Descartes naturellement plein de génie et de pénétration, sentant le vide de la philosophie scolastique, prit le parti de s'en faire une toute nouvelle. Etant en Allemagne, et se trouvant fort desœuvré dans l'inaction d'un quartier d'hiver, il s'occupa plusieurs mois de suite à repasser les connaissances qu'il avait acquises, soit dans ses études, soit dans ses voyages ; il y trouva tant d'obscurité et d'incertitude, que la pensée lui vint de renverser ce mauvais édifice, et de rebâtir, pour ainsi dire, le tout à neuf, en mettant plus d'ordre et de liaison dans ses principes.

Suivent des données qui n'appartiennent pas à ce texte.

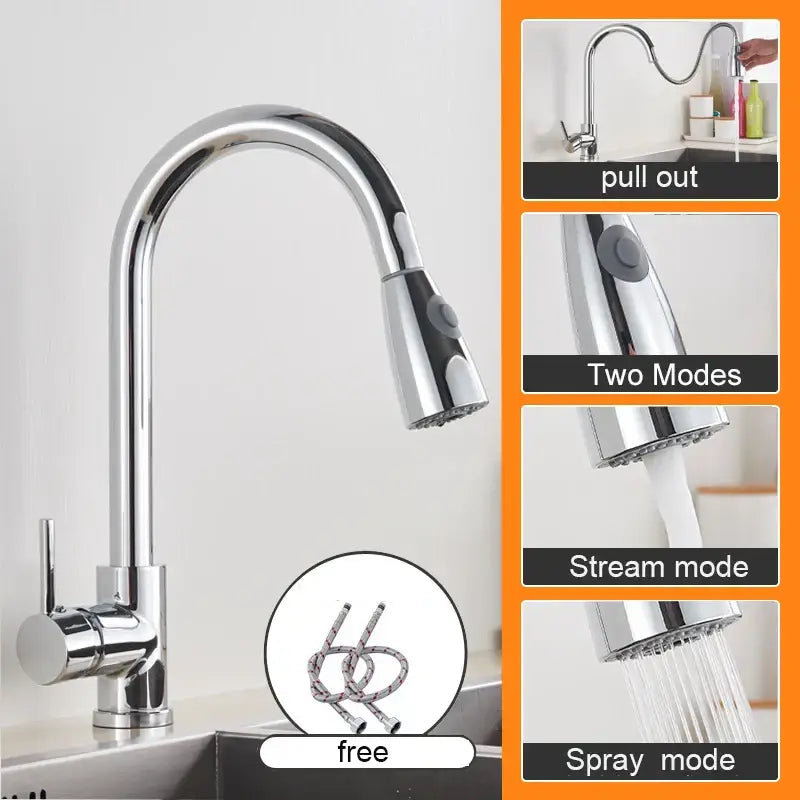 Matte black pull out kitchen sink faucet with chrome finish, sleek curved spout, and dual spray stream modes sink faucet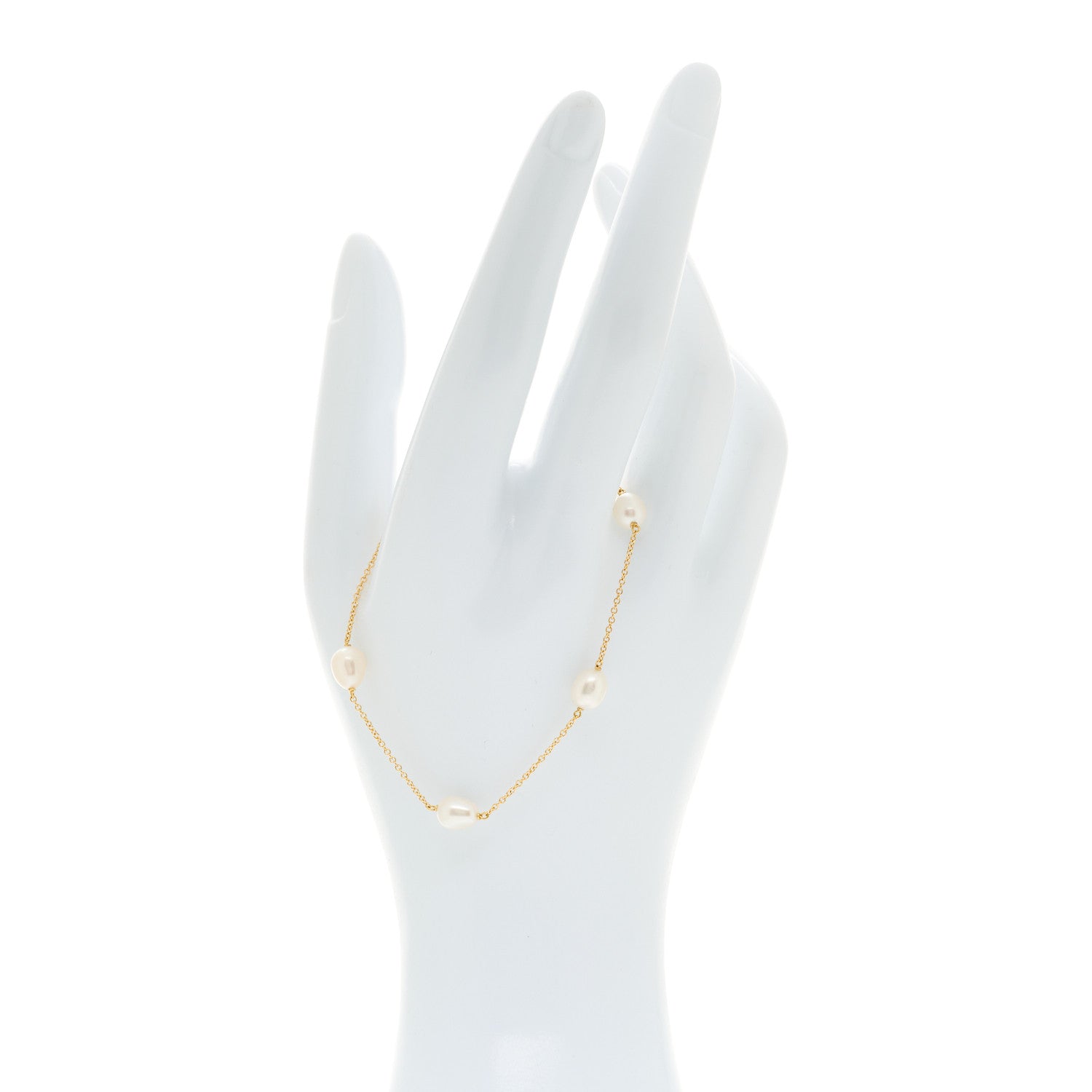 Tiffany 18K Yellow Gold Cultured Pearl 5.5-6mm Elsa Peretti Pearls By The Yard Bracelet 2 of 5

Il commença par mettre à l'écart les vérités revélées, parce qu'il pensait, disait-il, que pour entreprendre de les examiner, et pour y réussir, il était nécessaire d'avoir quelque extraordinaire assistance du ciel, et d'être plus qu'homme. Il prit donc pour première maxime de conduite, d'obéir aux lois et aux coutumes de son pays, retenant constamment la religion dans laquelle Dieu lui avait fait la grâce d'être instruit dès son enfance, et se gouvernant en toute autre chose selon les opinions les plus modérées ; il crut qu'il était de la prudence de se prescrire par provision cette règle, parce que la recherche successive des vérités qu'il voulait savoir, pouvait être très longue, et que les actions de la vie ne souffrant aucun délai, il fallait se faire un plan de conduite ; ce qui lui fit joindre une seconde maxime à la précèdente, qui était d'être le plus ferme et le plus résolu dans ses actions qu'il le pourrait, et de ne pas suivre moins constamment les opinions les plus douteuses, lorsqu'il s'y serait une fois déterminé, que si elles eussent été très-assurées. Sa troisième maxime fut de tâcher toujours de se vaincre plutôt que la fortune, et de changer plutôt ses désirs que l'ordre du monde.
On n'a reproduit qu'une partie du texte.